One thing I can tell you is this: my girl signed “ice cream” at school yesterday. And earlier this week, she signed for Daddy, Mama, and her brother’s name sign. Mutations, deletions, knockout mice or not, my girl is moving forward. Little by little she beats everyone’s expectations of what her limitations are. So yes, a roadmap would be lovely. For right now, Mary is making her own path at her own pace. My role in this is to make sure that she has all the tools she needs to make the most of her journey. So, if you’ll excuse me, I have some reading to do.

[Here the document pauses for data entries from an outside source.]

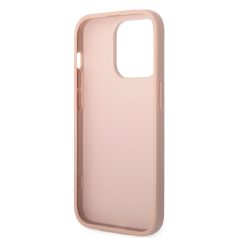   Guess Apple iPhone 14 Pro (6.1) PU Leather Saffiano hátlapvédő tok pink (GUHCP14LPSASBPI)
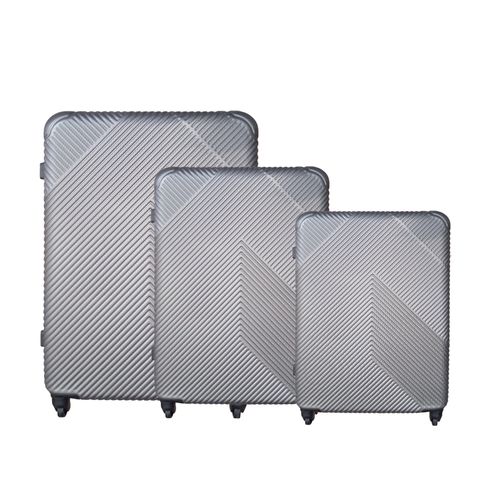 3-in-1 suitcase set - gray Trizand 26662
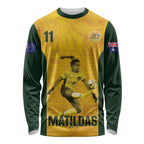 Australia Soccer Long Sleeve Shirt Fowler Matildas - Gold Marble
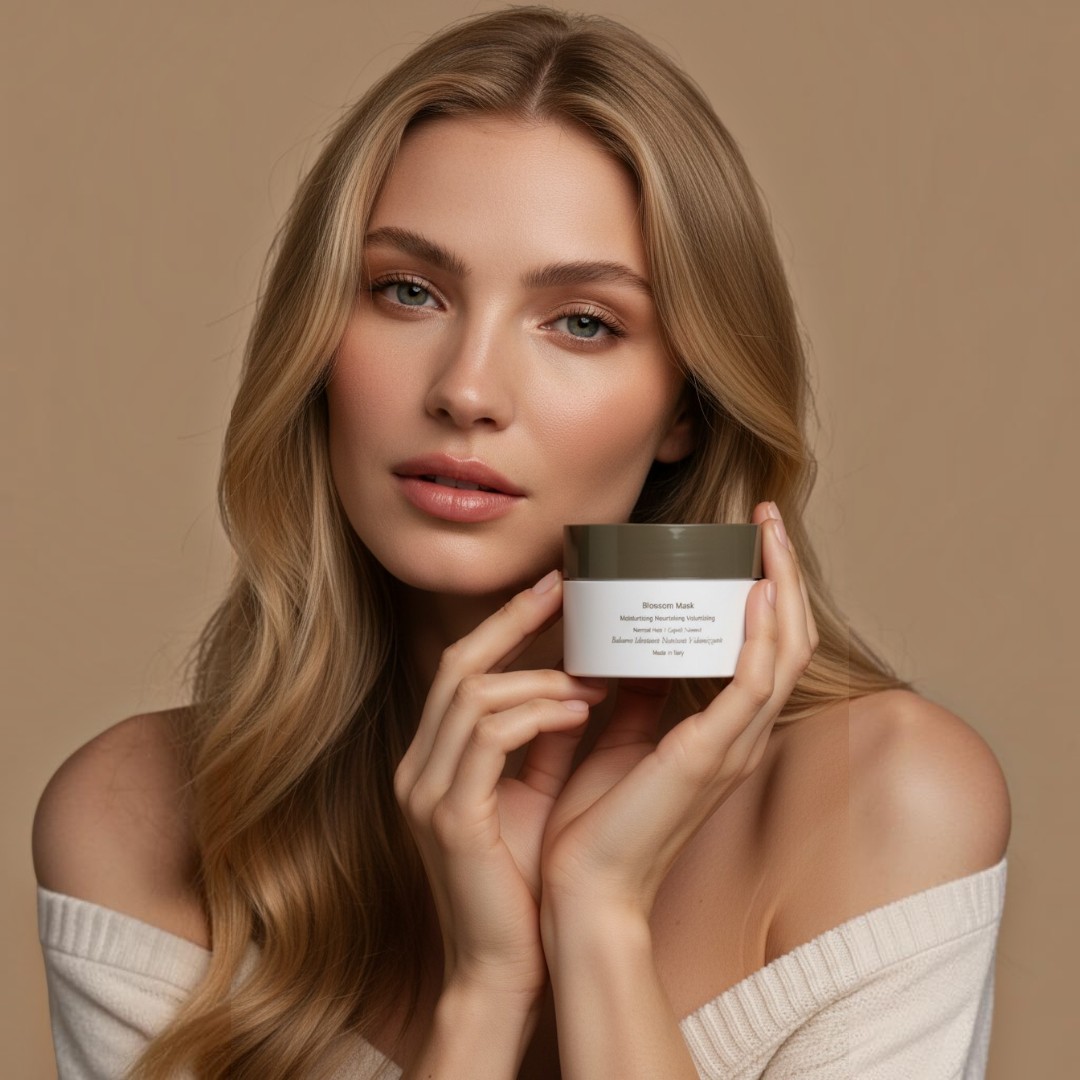 Увлажняющая и разглаживающая маска для волос KT Milano BLOSSOM - изображение 3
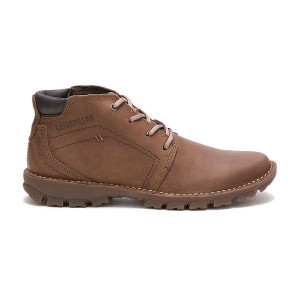 Dark / Beige Men's Caterpillar Transform 2.0 Boots | 025386-EUR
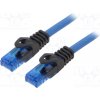 síťový kabel Logilink CPP015 Patch, U/UTP, 6a, drát, Cu, 15m, modrý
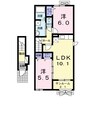 モデッサ　２８　Ｂ 2LDKの間取り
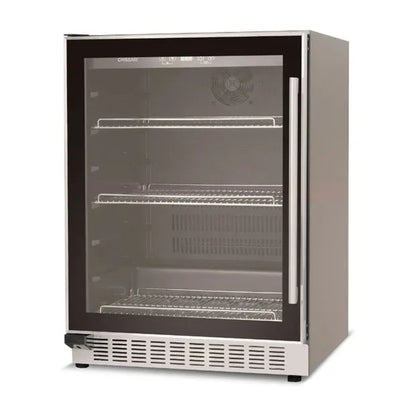 Cervejeira Crissair 135 Litros  Abertura P/ Esquerda Inox 220V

PS – I am open to suggestions or information about all things related to ZBTB20. I know it’s a long shot, but if you have information to share, I’d love to talk to you. Thanks.


4 Comments leave one →
  1. lynn lachance permalink
    September 6, 2013 9:50 pm

    You were given this unique,special little person for a reason, God never makes mistakes.. medical terms and labels do not include miracles and she is indeed a miracle.. whatever the findings..take 1 day at a time, and don’t waste the joys of today worrying about the what ifs of tomorrow..

  2. rhemashope permalink
    September 7, 2013 1:01 am

    Oh, I hope you find answers and insights. But as you say, she is already making her way with her precious family beside her.
    And I just fell in love with your little girl.